Content starts

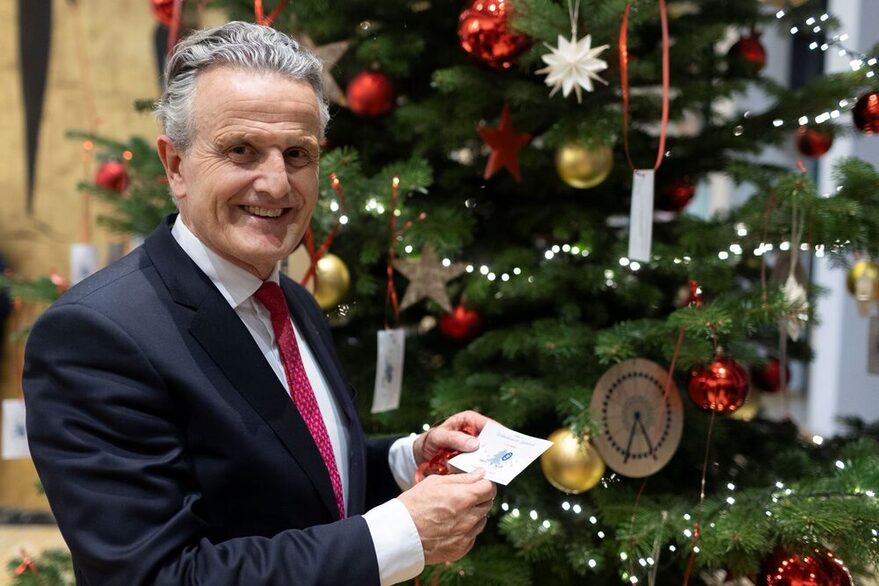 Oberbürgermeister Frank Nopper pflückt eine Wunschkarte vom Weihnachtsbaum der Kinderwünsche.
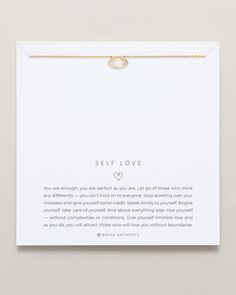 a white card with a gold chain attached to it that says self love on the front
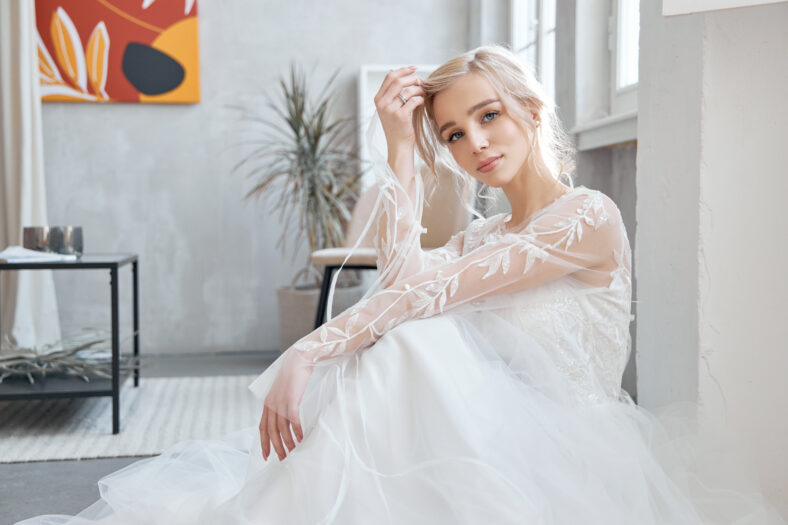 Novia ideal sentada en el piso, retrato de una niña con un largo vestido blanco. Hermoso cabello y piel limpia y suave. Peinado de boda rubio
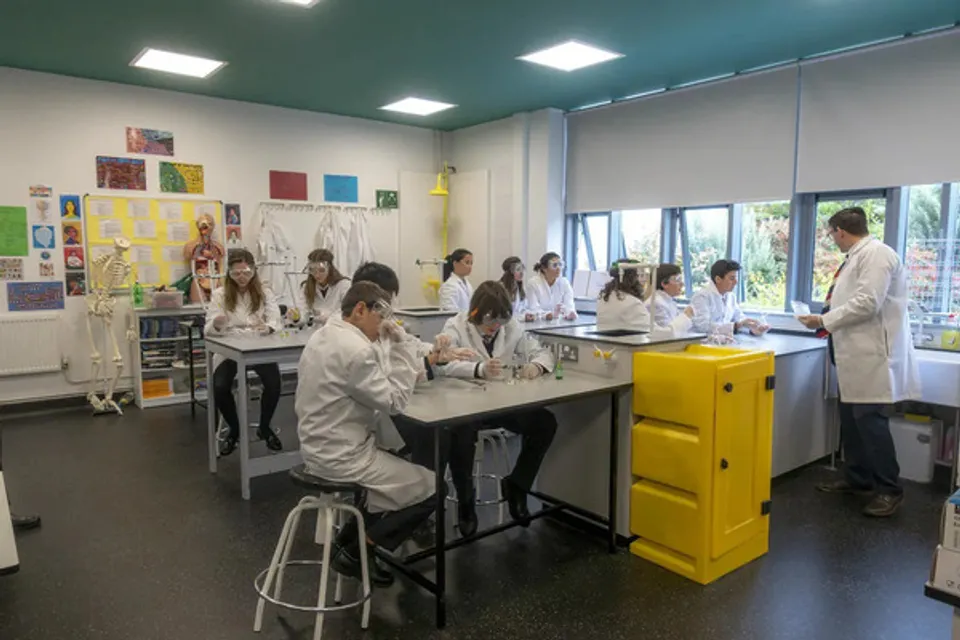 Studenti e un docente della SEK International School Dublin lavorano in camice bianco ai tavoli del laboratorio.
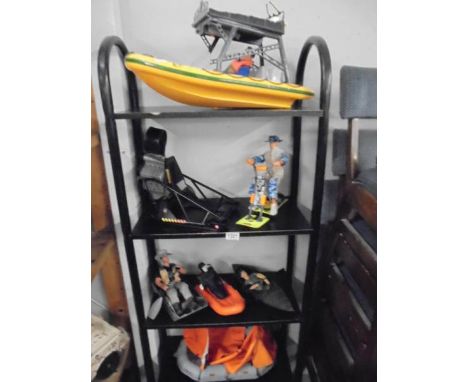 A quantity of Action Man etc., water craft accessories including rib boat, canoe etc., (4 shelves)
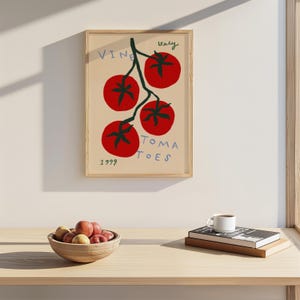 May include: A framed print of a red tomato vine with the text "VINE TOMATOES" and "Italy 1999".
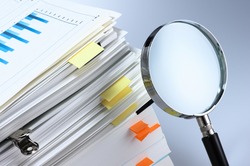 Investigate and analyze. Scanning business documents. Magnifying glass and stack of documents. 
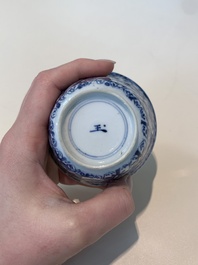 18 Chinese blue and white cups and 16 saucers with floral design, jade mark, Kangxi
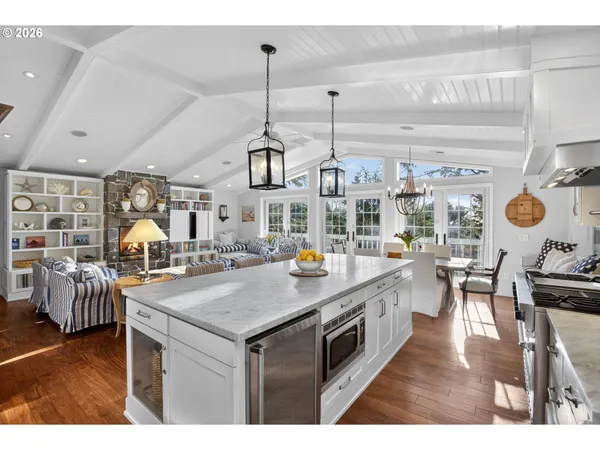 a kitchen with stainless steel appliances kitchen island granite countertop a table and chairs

Content ends

Leave the pictures aside. Set down exactly the lines from the one with "Novia ideal sentada" through the final line of the listing above.

 Novia ideal sentada en el piso, retrato de una niña con un largo vestido blanco. Hermoso cabello y piel limpia y suave. Peinado de boda rubio
 Studenti e un docente della SEK International School Dublin lavorano in camice bianco ai tavoli del laboratorio.
 A quantity of Action Man etc., water craft accessories including rib boat, canoe etc., (4 shelves)
 May include: A framed print of a red tomato vine with the text "VINE TOMATOES" and "Italy 1999".
 Investigate and analyze. Scanning business documents. Magnifying glass and stack of documents. 
 18 Chinese blue and white cups and 16 saucers with floral design, jade mark, Kangxi
 a kitchen with stainless steel appliances kitchen island granite countertop a table and chairs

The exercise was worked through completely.